There's a moment that keeps coming back to me. I was arriving at the University of London residence halls last week and waiting to register. There was one attendant and two windows. Where should I be? Which window? I turned to Jake, 27 years old, and speculated that I was waiting at the wrong window. No, Jake said. We would wait here. But what if I was at the wrong window? Jake turned to me. Wherever you are, Paul, it's the right window. The attendant is at the wrong window, he added. I made a mental note to stick with Jake.
And, flying eastbound, I will know better. Let the flight attendants help me. Take advantage of the posh travel. It may not come again.
And this may not come again, either, the arrival at SFO. Never mind that SuperShuttle always tells me to phone them when I am actually out at the street. I was still on board the airplane, nervously waiting to see if my wheelchair was rolling or reduced to rubble, when I called the van people. SuperShuttle asked where I was. I lied. Just picking at my bags. Which explains why rolling out of the terminal, I saw it, shimmering like a mirage. A blue SuperShuttle van lowering its wheelchair lift. I was home by 7 PM, 3 AM London time, but home. Okay, so my bag was ripped. There are limits to the strain a suitcase can take. My friend Arnie helped me unpack, and we barely discussed the suitcase. There are other suitcases. There are other trips. And there is more to come.
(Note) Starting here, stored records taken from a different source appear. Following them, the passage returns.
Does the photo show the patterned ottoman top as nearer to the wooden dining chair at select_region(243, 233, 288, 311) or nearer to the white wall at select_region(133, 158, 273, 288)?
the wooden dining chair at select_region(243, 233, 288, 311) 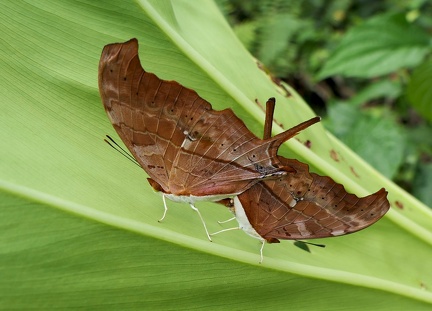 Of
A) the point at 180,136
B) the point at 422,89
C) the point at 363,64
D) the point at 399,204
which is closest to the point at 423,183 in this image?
the point at 422,89

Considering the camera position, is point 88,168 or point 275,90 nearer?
point 88,168

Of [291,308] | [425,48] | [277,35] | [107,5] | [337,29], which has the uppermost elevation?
[107,5]

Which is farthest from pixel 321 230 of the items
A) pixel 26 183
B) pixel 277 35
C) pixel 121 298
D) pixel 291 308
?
pixel 277 35

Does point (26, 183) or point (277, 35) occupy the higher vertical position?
point (26, 183)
Which is really the issue these days. When I awaken at 4 AM...not too bad, considering it's almost lunchtime in London...I seem to be asphyxiating. I can't get enough air. Which isn't at all true, but I worry that I can't get enough air. I think about what my physiotherapist has told me, how I must maintain range of motion in my chest. Which has nothing to do with my current experience waking up in California. The chest stretching is good advice, but I am currently beyond advice. I have awakened in panic. I had this sensation when I was shot 40 years ago and lay in a hospital bed getting used to the effects of a half-paralyzed chest. Diminished respiration was new then...but in the ensuing 40 years, it has become second nature. But not now, because now there is not enough air. And what is there to do in a state of panic but find another state? Like the waking state. I sit up, watch the room spin slightly, turn on the light and listen to California going bankrupt. The radio news is oddly reassuring.
Soon I am up, considering tea and remembering that to hear Radio 4 all I have to do is get to the BBC website, turn on my stereo...and there is, and will be, more to come.